BEGIN DATA FOR THE TASK
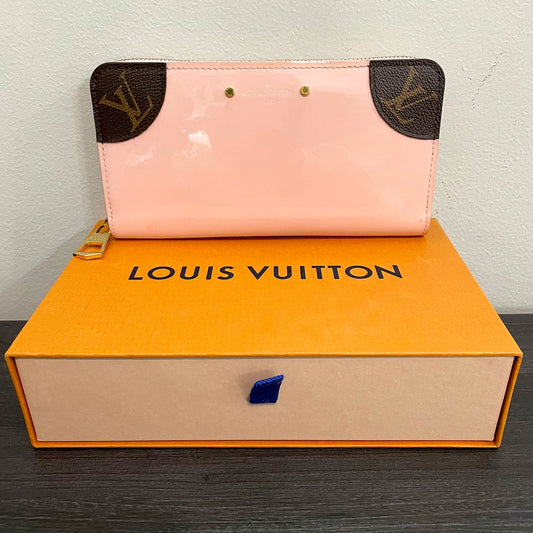 Louis Vuitton Vernis Venice Zippy Wallet & Storage Box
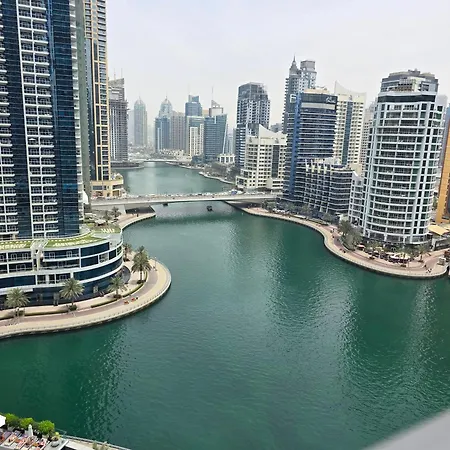 Dubai Marina Amazing 1Br With Promenade View And Pool View --- Next To Jbr Beach---Opp Jbr Tram Station-2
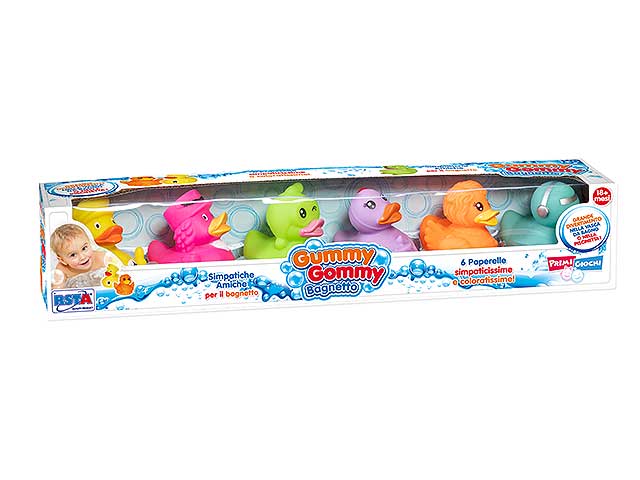 Paperella 6 pezzi gummy gommy 10973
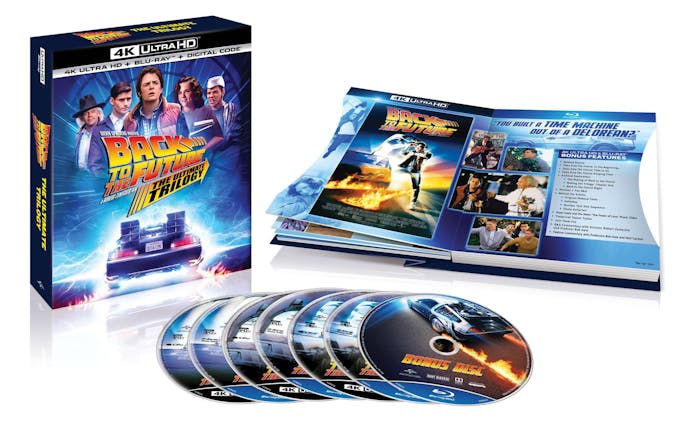 Back to the Future Trilogy (4K Ultra HD Anniversary Edition) [UHD]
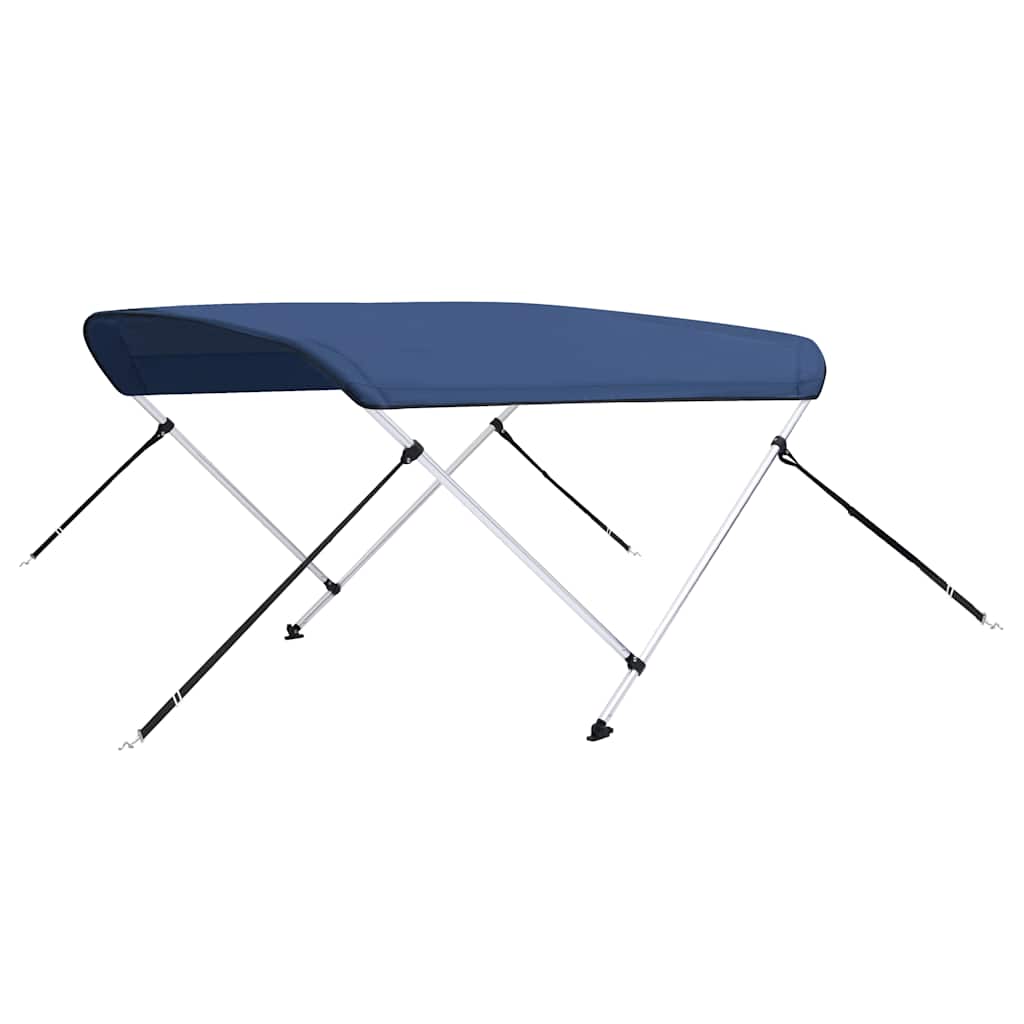 Tengerészkék kétágú bimini tető 150 x 120 x 110 cm 2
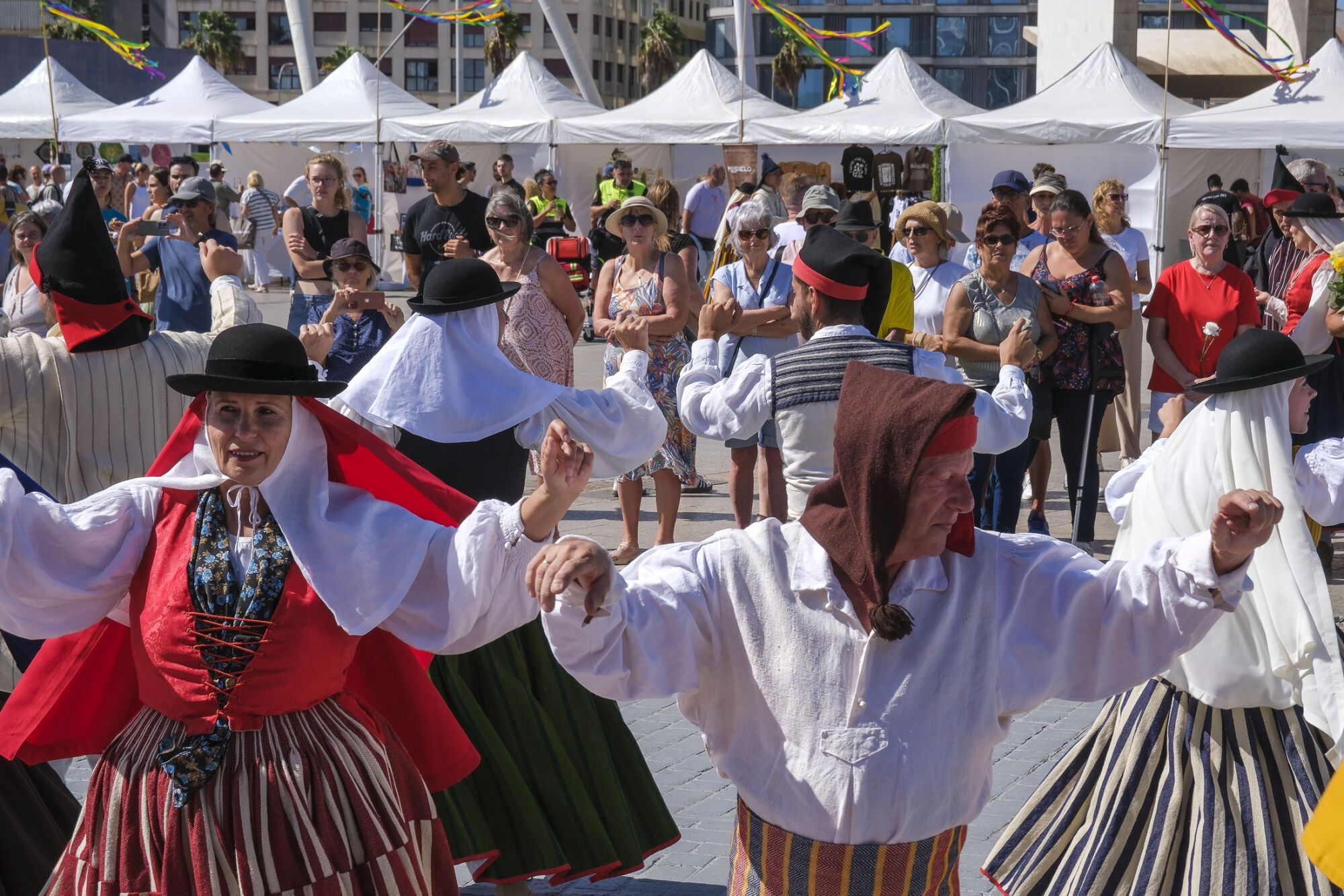 Feria Puerto Canteras para cruceristas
END DATA FOR THE TASK
Beginning at the line that contains "Paperella 6 pezzi gummy gommy 10973" and ending at the last line of the data, return each line exactly; no picture belongs in the copy.

=== WRITTEN RESPONSE ===
 Paperella 6 pezzi gummy gommy 10973
 Back to the Future Trilogy (4K Ultra HD Anniversary Edition) [UHD]
 Tengerészkék kétágú bimini tető 150 x 120 x 110 cm 2
 Feria Puerto Canteras para cruceristas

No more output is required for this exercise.